Beinn Liath Mhor a’ Ghiubhais Li is certainly a mouthful, even for the Gaelic, but it simply means ‘the big grey hill of the colourful pine’. Try ‘byn lyee-aa vore a yoo-ash lee.’ There aren’t so many colourful pines in this area now, but in the nineties the estate began planting on the north-west slopes of the hill and as we climbed up from the roadside following a track that was signposted to Beinn Liath Mhor Fannaich, one of the big Munros in the west, we were delighted to pass young birch, rowan and Scots pine.

It had been many years since I had been on this hill and I simply assumed the new plantation was more of the ubiquitous conifers that swathe so many of our hills. In years to come these slopes could well see more of the gnarled and rust-red bark that gives the Scots pines such individual character. It’s good to think that this particular big grey hill will be graced with colourful pines in the future just as it probably was in the distant past.

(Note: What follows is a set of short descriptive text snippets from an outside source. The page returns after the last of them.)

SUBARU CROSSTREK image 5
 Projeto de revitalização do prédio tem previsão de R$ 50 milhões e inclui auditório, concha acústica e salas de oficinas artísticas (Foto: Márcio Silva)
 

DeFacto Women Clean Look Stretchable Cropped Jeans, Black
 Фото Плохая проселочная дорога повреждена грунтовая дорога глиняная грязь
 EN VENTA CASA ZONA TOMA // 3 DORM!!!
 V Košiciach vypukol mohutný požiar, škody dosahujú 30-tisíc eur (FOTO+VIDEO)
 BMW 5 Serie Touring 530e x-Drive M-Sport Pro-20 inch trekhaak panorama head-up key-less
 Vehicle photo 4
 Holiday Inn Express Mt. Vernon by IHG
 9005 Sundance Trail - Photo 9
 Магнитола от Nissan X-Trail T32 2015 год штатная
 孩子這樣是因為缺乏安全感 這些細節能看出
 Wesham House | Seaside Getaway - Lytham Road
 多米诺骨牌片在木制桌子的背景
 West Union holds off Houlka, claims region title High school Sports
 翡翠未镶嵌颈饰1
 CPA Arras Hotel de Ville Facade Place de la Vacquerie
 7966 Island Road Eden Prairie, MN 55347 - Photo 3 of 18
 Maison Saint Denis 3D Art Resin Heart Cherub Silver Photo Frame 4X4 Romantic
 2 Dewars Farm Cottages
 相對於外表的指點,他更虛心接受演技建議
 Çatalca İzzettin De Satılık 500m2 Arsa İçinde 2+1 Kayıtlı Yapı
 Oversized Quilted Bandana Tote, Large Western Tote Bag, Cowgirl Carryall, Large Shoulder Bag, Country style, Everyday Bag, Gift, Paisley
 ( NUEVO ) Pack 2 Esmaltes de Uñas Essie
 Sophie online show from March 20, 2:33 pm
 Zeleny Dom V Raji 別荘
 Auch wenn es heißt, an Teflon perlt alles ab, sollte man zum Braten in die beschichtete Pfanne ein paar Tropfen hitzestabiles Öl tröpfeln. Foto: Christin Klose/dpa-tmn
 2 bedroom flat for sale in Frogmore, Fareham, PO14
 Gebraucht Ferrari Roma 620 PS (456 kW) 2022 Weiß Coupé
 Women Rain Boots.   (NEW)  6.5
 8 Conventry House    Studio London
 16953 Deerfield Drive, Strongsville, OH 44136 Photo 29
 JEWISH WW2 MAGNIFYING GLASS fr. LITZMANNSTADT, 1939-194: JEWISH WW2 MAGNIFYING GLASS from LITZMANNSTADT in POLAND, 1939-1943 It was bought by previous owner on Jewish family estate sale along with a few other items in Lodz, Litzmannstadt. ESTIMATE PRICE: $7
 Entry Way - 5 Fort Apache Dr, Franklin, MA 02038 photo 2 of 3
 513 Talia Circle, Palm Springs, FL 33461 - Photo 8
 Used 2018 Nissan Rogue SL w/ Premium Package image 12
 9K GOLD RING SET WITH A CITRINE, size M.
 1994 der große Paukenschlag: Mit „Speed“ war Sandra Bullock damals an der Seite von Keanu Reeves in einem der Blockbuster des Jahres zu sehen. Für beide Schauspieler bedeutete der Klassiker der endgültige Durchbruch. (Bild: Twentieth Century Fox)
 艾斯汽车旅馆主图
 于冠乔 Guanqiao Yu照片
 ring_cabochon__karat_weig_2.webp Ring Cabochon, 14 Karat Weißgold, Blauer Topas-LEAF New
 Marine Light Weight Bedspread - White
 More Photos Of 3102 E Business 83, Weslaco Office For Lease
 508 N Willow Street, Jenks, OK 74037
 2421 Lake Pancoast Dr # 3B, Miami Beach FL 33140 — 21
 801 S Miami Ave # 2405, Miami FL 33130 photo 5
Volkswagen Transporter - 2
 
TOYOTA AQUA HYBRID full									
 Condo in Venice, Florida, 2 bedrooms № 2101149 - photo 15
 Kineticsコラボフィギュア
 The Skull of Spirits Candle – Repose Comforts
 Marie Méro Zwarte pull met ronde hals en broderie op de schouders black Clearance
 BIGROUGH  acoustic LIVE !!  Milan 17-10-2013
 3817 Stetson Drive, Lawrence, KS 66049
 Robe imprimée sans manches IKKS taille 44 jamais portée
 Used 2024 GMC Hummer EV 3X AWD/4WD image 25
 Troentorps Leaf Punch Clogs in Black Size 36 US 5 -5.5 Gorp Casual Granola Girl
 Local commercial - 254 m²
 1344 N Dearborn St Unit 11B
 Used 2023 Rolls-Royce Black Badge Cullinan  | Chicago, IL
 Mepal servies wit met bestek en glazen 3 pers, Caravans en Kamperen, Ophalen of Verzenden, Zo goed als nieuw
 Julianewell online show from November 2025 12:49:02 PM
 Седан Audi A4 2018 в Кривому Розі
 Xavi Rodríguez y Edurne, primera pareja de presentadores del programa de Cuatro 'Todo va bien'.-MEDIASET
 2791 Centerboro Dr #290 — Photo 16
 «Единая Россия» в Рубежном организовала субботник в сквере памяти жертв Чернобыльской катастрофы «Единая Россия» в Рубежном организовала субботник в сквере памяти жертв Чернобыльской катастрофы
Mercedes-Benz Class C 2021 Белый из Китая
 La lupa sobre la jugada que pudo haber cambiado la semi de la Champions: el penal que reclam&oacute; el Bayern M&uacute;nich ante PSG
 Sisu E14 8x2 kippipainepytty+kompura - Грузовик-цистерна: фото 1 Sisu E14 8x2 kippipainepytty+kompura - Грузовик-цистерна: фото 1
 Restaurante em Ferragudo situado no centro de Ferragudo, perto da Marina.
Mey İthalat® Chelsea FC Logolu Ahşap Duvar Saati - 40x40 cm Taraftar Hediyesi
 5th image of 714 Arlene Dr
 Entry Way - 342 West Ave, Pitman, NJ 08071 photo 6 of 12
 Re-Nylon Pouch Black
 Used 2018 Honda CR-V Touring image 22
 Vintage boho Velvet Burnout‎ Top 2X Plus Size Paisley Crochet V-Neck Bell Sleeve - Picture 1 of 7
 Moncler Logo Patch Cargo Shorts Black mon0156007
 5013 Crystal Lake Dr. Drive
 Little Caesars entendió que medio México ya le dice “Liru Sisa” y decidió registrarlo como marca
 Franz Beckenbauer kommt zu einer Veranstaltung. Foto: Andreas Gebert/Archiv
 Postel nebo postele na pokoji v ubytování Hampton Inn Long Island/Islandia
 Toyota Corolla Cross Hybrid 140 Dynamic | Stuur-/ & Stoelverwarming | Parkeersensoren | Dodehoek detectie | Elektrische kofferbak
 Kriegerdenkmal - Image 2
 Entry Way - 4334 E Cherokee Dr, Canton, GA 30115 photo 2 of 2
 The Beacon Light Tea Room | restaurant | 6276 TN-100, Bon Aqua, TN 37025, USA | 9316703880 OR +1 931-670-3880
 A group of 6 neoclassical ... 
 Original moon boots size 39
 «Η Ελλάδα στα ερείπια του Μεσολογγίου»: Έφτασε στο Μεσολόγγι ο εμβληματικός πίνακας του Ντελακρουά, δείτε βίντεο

We were heading for a weekend in Ullapool and had the afternoon to spare. My wife, innocent soul that she is, thought I was planning a leisurely coastal walk near the town, but as we drove alongside Loch Glascarnoch with the sun slanting through scudding dark clouds in great ‘God-beams’ the atmosphere was just too magical to ignore. We stopped by the Abhainn an Torrain Duibh, changed footwear, and set off up the hill between the rain showers.

Once through the new plantation we were on the north-west slopes of our hill and already the views were taking our attention. To the north the great rocky dome of Beinn Dearg contrasted vividly with the finer, sensuous curve of Cona Mheall’s south-east ridge, and, away beyond the neighbouring Munro of Am Faochagach, we could just make out the shape of Seana Braigh at the head of distant Strath Mulzie.

The lower slopes of Beinn Liath Mhor a’ Ghiubhais Li were waterlogged, making progress rather laboured, but higher up the wind-clipped heath and stony slopes were a delight and in no time at all we were cooried down in the shelter of the summit’s windbreak wall enjoying a flask of coffee and some sandwiches.

The views from this summit are extensive with the whole length of the strung-out Fannichs on one side - the eastern Fannichs of An Coileachan and Meall Gorm look particularly fine, rising as they do from their long corrie-bitten wall. The view east was dominated by the long Glas Leathad Mor ridge of Ben Wyvis, while the view to the glorious west was to the spires and ragged outline of An Teallach, possibly the finest mountain in the land.

To the melancholy music of golden plover calls we descended north to a high col from where it was an easy climb to the short summit ridge of neighbouring Meall Daimh. Loch Glascarnoch lay below us, the sun-dappled hills of the Inverlael and Strathvaich Forests lay in front of us, and we had an evening meal and a drink or two in Ullapool waiting for us. Sometimes, just sometimes, life’s not so bad…

Cameron McNeish


Map: OS 1:50,000 Landranger sheet 20 (Beinn Dearg & Loch Broom)

Distance: 5 miles/8km

Approx Time: 3-5 hours

Start/Finish: Car parking area on A835 by the bridge over Abhainn an Torrain Duibh (GR: NH278742)

Public transport: The Inverness to Ullapool bus goes along the A835.

Information: Ullapool TIC, 01854 612486

Route: On the S side of the river a signpost points out a track to Beinn Liath Mhor Fannaich. Follow this track, through a gate into a plantation of young pine, birch and rowan, and follow it until you reach the next gate. Go through the gate and leave the path, taking to the NW ridge of Beinn Liath Mhor a’ Ghiubhais Li. Follow this broad ridge to a shallow and peaty col before climbing the stony slopes to the summit. Descend in a NE direction to another col before climbing N to the summit ridge of Meall Daimh. Follow this short ridge NNW then descend easy slopes to the road just E of your starting point.